WATCH: 2 Chicago Cops Resign in Face of Firing Over Off-Duty Beating a Decade Ago

December 9 2016

Two Chicago police officers have resigned in the face of their firing over the off-duty beating of a restaurant patron on the Northwest Side more than a decade ago.

Brian Murphy and Jason Orsa, both 12-year department veterans, stepped down effective Dec. 1, said police spokesman Frank Giancamilli.

Their resignations came a little more than a week after the Illinois Supreme Court denied an appeal of their dismissals and before the Chicago Police Board could move to fire them as soon as its monthly meeting Thursday night.

Even though the police board had originally dismissed the two officers in January 2011, both still remained on the force more than a decade after the incident because a Cook County judge had overturned their firings in 2012. They were reinstated on the force and given back pay.

Murphy, Orsa and another officer, Daniel McNamara, had allegedly just been drinking at a nearby bar when they went to eat at the Taco Burrito King restaurant at Higgins and Harlem avenues during the early morning of March 24, 2006. The trio, along with a Marine friend who had just returned from Iraq, were sitting at a table when Obed “OJ” DeLeon walked inside the restaurant and complained about a car blocking the parking lot.

Two Chicago cops face firing decade after off-duty beating captured on video
Murphy jumped up from his seat, pointed his pistol at DeLeon’s head and shoved him against a wall, surveillance video shows.

Orsa, McNamara and their friend also joined in.

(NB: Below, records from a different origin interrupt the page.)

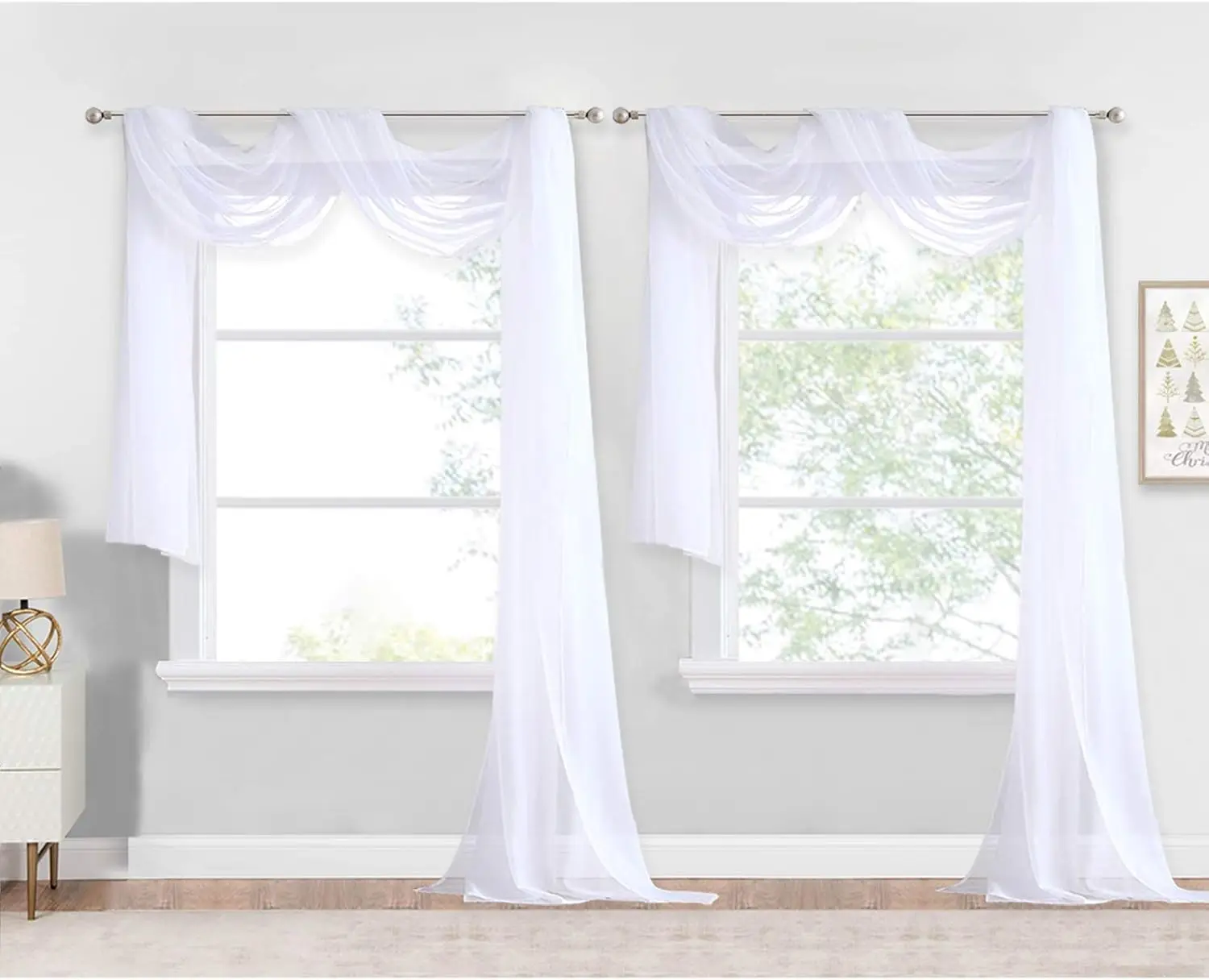 White Sheer Window Scarf 216 inch Extra Long 2 Panels, Soft Voile Textured Curtains for Home Decor, 60 inches Wide
White Sheer Window Scarf 216 inch Extra Long 2 Panels, Soft Voile Textured Curtains for Home Decor, 60 inches Wide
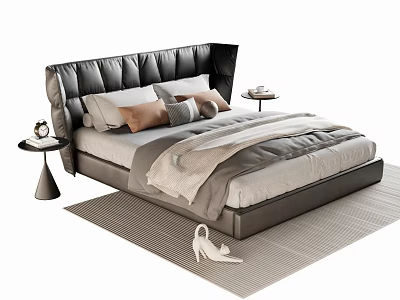 Elegant Double Bed with Black Leather Headboard Pillows Blanket Side Tables and Rug 3d model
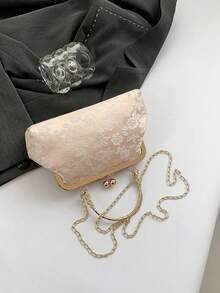 Fashionable Clip-Top Handbag, Elegant Tote Bag For Party And Shopping, Pattern Placement Random - Pink - View 9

DeLeon was punched, knocked down twice, kicked, hit and held facedown on the floor of the crowded restaurant. His shirt was ripped off, revealing gang tattoos on his body.

Five years later, the police board fired Murphy and Orsa after two eyewitnesses and video confirmed they had started the fight.

Cook County Judge Kathleen Pantle reversed the board’s decision, pointing to the delayed, four-year investigation by Chicago’s police oversight agency, saying the officers were unable to track witnesses closer to the time of the attack. She also blasted DeLeon as a gang member.

But in August, a three-judge panel of an Illinois appeals court upheld the dismissals, noting that Murphy could have been fired just for pulling out his weapon “unprovoked” in the restaurant.

The court held that Orsa had repeatedly and unjustifiably kicked DeLeon and that the two officers attempted to cover up what happened. The court also rejected their contention during the police board hearing that DeLeon started the conflict by yelling the gang slogans and boasting he was a cop killer.

A front-page Tribune article about the appeals court reversal quoted two eyewitnesses who were also arrested as expressing surprise to learn from a reporter that both officers were still then on the force.

The officers appealed to the state Supreme Court, but it was denied Nov. 23, according to a spokesman for the court and Max Caproni, the police board’s executive director.

In its original ruling in 2011, the police board found insufficient evidence to prove McNamara took part in the beating but suspended him for 18 months for failing to tell supervisors of his and the other officers’ involvement in the altercation.

The board also gave one of two sergeants who responded to the restaurant, Louis Danielson, a six-month suspension for not going inside the restaurant or trying to find out who had a gun.

But the city dropped Danielson’s suspension after Murphy and Orsa won their jobs back, clearing his record and awarding him back pay. After the appellate court reversed the judge’s decision, however, the city chose not to pursue Danielson’s suspension, said Giancamilli, the police spokesman.

A few days after the beating, DeLeon lodged a complaint against the police. But it wasn’t until a year later that the officers were questioned by investigators for the Independent Police Review Authority, Chicago’s much-maligned agency that investigates the most serious allegations of police misconduct. In those interviews, the officers alleged for the first time that DeLeon had threatened police and yelled gang slogans in the restaurant.

Eighteen more months passed before IPRA tried to interview the sergeant who approved the criminal charges against DeLeon and two eyewitnesses, but he had retired by then, records show.

Records also show the IPRA investigation limped along for years. One investigator asked supervisors for extensions on deadlines at least 23 times, according to the records.

Finally, in 2010, four years after the incident, then-police Superintendent Jody Weis brought formal administrative charges against the officers, seeking their dismissal, before the police board.